In Touch with Andrei Ioniță



20-year old Romanian cellist Andrei Ioniță was awarded the Gold Medal in the cello section of the 2015 Tchaikovsky Competition. A laureate of many other competitions, he also took first prize at the Aram Khachaturian International Competition in 2013, and second place at both the ARD International Music Competition in Munich and the Emanuel Feuermann Competition in Berlin last year. I got in touch with him to talk both about his recent win and future plans.

Could you give us some idea of your background?

I was born in Bucharest, and studied there and then moved to Berlin, where I’ve been living for three years. I started with the piano when I was 5 years old, then switched three years later to cello, which became my ‘first love’!

XV International Tchaikovsky Competition – Cello Round 1

How was your experience of the Tchaikovsky Competition? What are your views on competitions in general?

It was the most intense competition experience I’ve ever had, and I believe the other competitors would agree with me as well. It’s not necessarily the pressure from outside, from the jury, from the possibility of either winning or losing, from all the cameras or the thousands of people watching and following you.
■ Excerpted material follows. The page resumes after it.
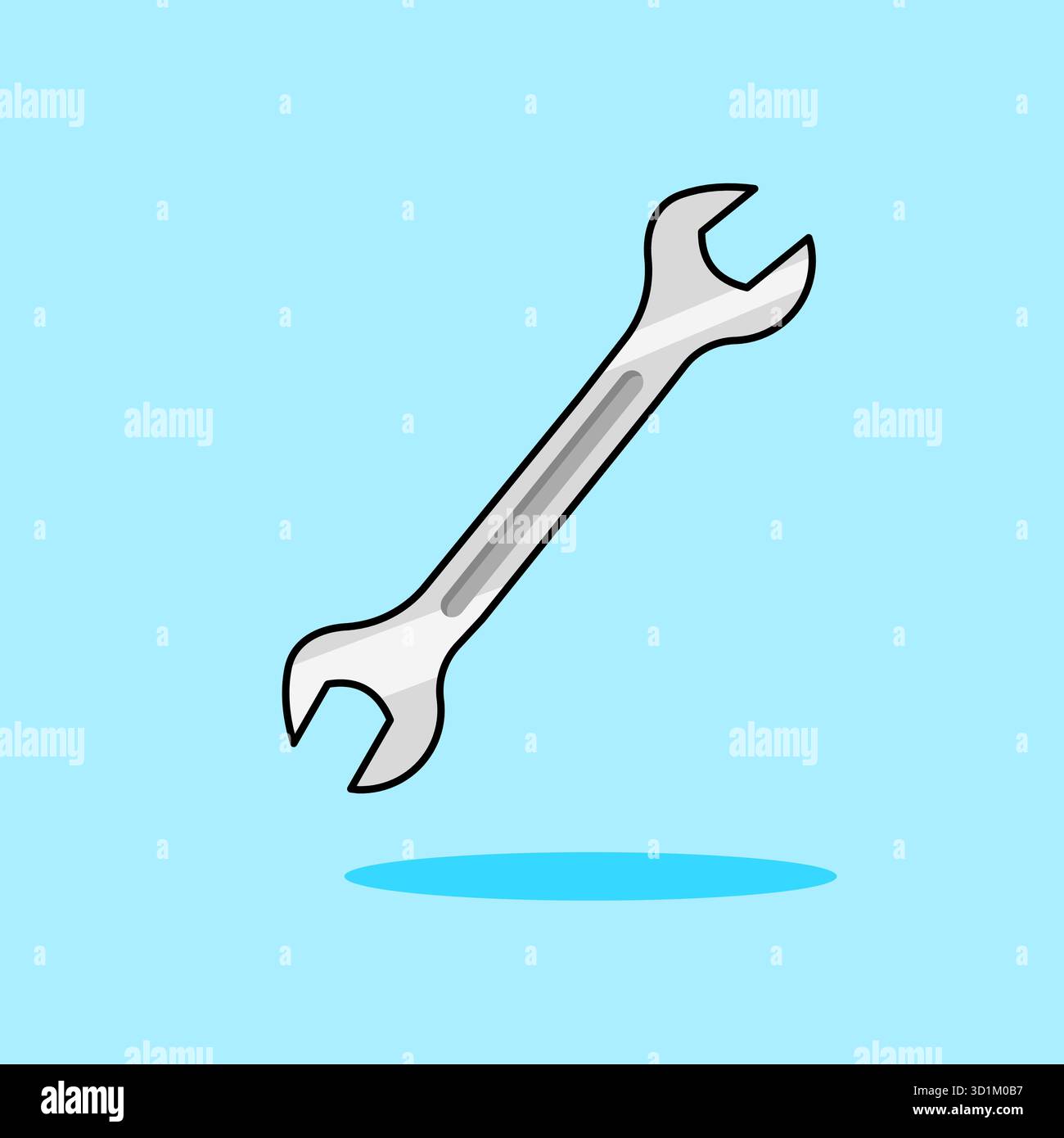 Flat Style Wrench Tool Vector Illustration Cartoon Design Stock Vector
I would say that the pressure mostly comes from the inside – it becomes a battle with your own demons, with your fears, your pride.

By the end, I simply felt honoured to be able to play Tchaikovsky and Shostakovich’s music in their hometown. In the second round, for example, I was so overwhelmed while performing the Shostakovich Cello Sonata that I almost had a breakdown – I started crying on stage for the first time in my life. I looked at the audience’s impressions and I felt that I was in the right place, at the right time, to tell my story and the composer’s story… The public’s response was unbelievably supportive, and from that point on I didn’t care anymore about the prize – I knew that my duty as an artist had been fulfilled.
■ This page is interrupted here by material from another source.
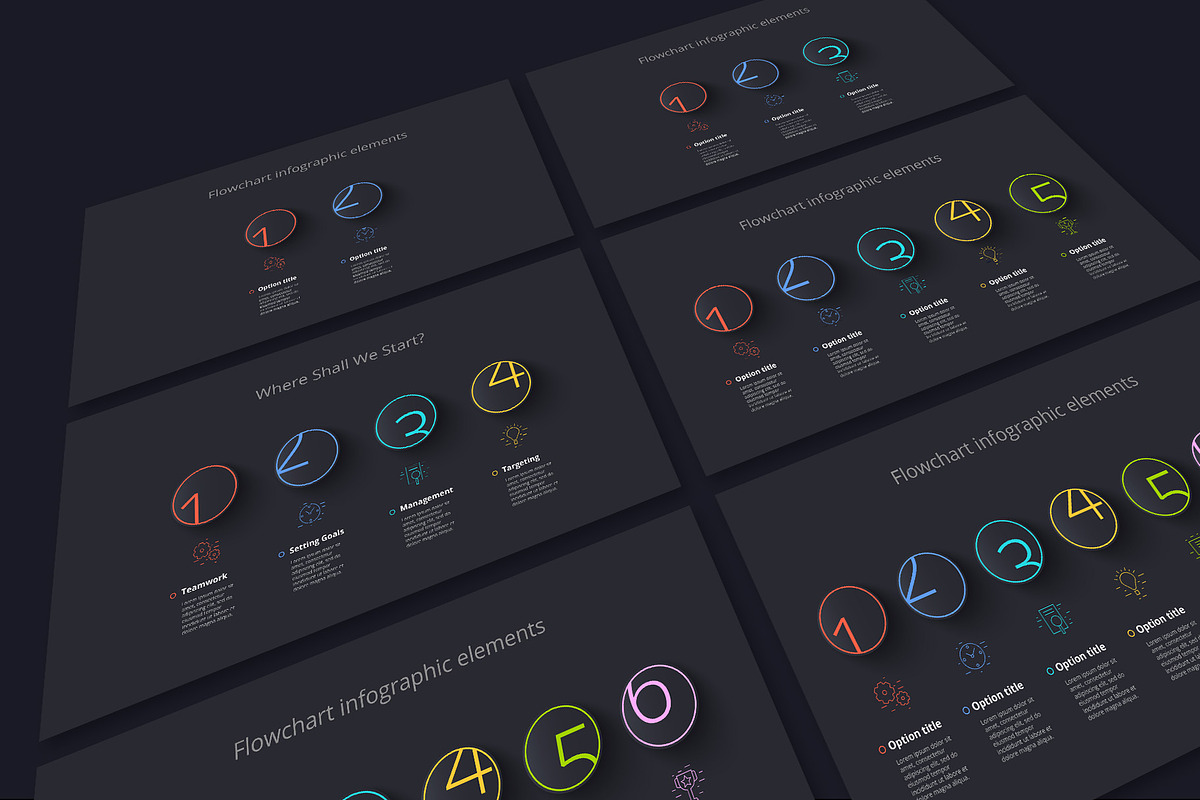 Dark Process Infographic Templates, a Presentation Template by Grafvish (Photo 3 of 6)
Competitions can become a way of ‘artificial selection’, instead of the natural one, which comes anyway as time passes by. But they are of course an incredible platform for young artists and I’m grateful for having taken part.



What are your plans for the near future? Do you have any particular repertoire you would like to explore?
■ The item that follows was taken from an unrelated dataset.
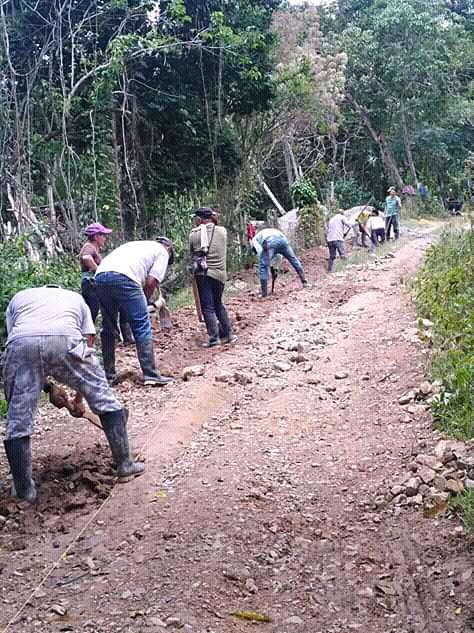 Con su propio esfuerzo, comunidad pavimenta su vía en vereda de Pitalito 1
I’ve been overwhelmed with the amount of concert invitations I received after the competition. My schedule at least for the next season is really full – St. Petersburg, London, Munich, Berlin, probably even concerts in Korea or Carnegie Hall, and the invitations still keep coming. I hope I can figure out what’s best for me and choose wisely. Regarding repertoire, I can say that Slavic culture, and particularly Russian music, are close to my heart – although my mother language is a Romance one, culturally speaking I feel I can relate easily to the Slavic fire and range of emotions. I like to explore though any sort of repertoire, from any period or place. One of my dreams for the future is to develop myself in as many musical fields as possible, perhaps bringing my piano playing at the highest level possible or – why not – even conducting!

Which other musicians, especially cellists, do you admire?

Although I don’t like to idolize other fellow musicians, I still admire a lot of my childhood heroes. I also appreciate cellists such as Daniil Shafran or Steven Isserlis, with whom I also had the chance to play chamber music last year – that was a special experience for me.

Do you have any interests outside of music?

I am really interested in natural sciences, especially physics. I am also passionate about philosophy, but once you start questioning yourself and the world around you, it really gets scary… Luckily, there are always good friends to keep me in a good mood!